This article would make more sense if it had the result of a simulation of a workload showing how much time was lost to interrupt latency and how much processor time could be saved by a different technique.
> We could have a simple cycle timer switch on each core so that after the timer expires there an interrupt-like jump to a function to see what to do next. That jump would be perfectly synchronous since predicting the next jump can be done with 100% accuracy (or nearly 100%).
In other words a timer interrupt - with saving of state and appropriate unwinding of pipeline state (abandoning half done or out of order instructions etc etc)
Also the "do system calls by queuing requests to another CPU" is kind of at odds with "we don't need cache coherency"
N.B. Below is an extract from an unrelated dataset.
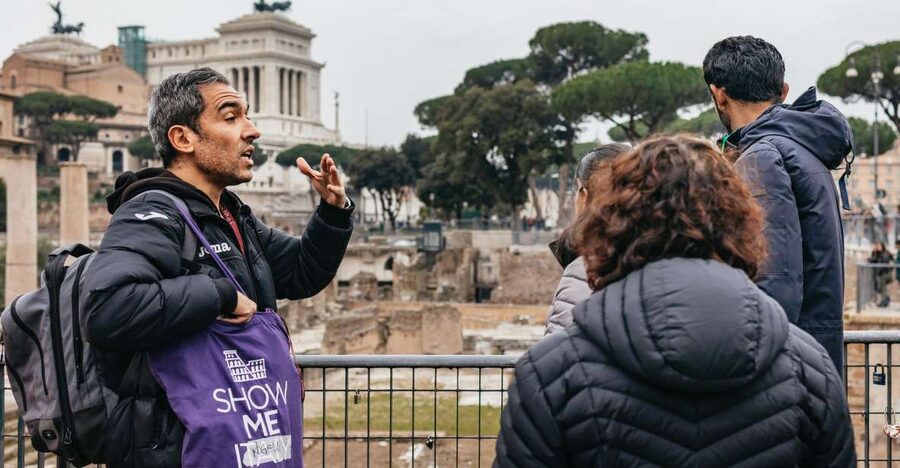 Rome: Colosseum, Palatine Hill & Roman Forum Guided Tour - Guide quality is the heart of the experience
Not necessarily; it's an interesting idea. Thanks to the branch predictor the CPU already has a virtual view of the instruction stream. If we tolerate a bit of latency, all we have to do is inject a "jump to ISR" magic instruction in the predicted stream. Rather like self-modifying code, except without modifying the code in memory, just at the instruction fetch point. State still has to be saved but that can be done with PUSH instructions in the ISR.
> Also the "do system calls by queuing requests to another CPU" is kind of at odds with "we don't need cache coherency"
Can be done with mailboxes/FIFOs, but yes this requires a dedicated design. And of course the CPU that does the call is then idle I think?
Good explanation of my overly terse note.
The current standard interrupt architecture imposes enormous latency and the synchronous timer could be more precise. The simplest implementation would just "fetch" jmp every N instructions (with N programmable) - just like voluntary switching but where the processor would volunteer the program.
That does not solve the problem at all. It just increases the number of "hyper threads", if a new process gets started and all cores are busy that process might never run.
It solves the problem for environments where problems like interrupt latency and timing criticality usually show up - embedded and real-time systems. In many systems, the set of running tasks in a system is fixed - there are even some very simple real-time operating systems (such as some OSEK configurations in the automotive sector) which require to statically define the set of tasks at compile time. After all, you don't suddenly feel the urge to start a game of Doom on your car's ABS controller :) (though, of course, somebody will try to do this...).
The (early) XMOS chips, for example, run at 500 MHz with four threads or, if you needed more threads, you could also configure the system to run eight threads at half the speed IIRC. If you used e.g. three threads, some execution time remained unused in the four-thread mode, there was no arbitrary division of time by the number of threads.
For real-time critical systems, you could then still run up to seven critical threads at guaranteed speed and reserve the remaining one for non timing-critical tasks (which you could then to schedule using cooperative multitasking).
The RAM was a fast on-chip SRAM, so there were no problems with refresh, access latencies etc. that you have with DRAM. However, you were constrained to 64 kB RAM per core (probably not enough to run Doom...).
The XMOS development toolchain even includes a real-time analyzer for the C/C++ code you throw at it. Unfortunately, most of the XMOS toolchain is closed source.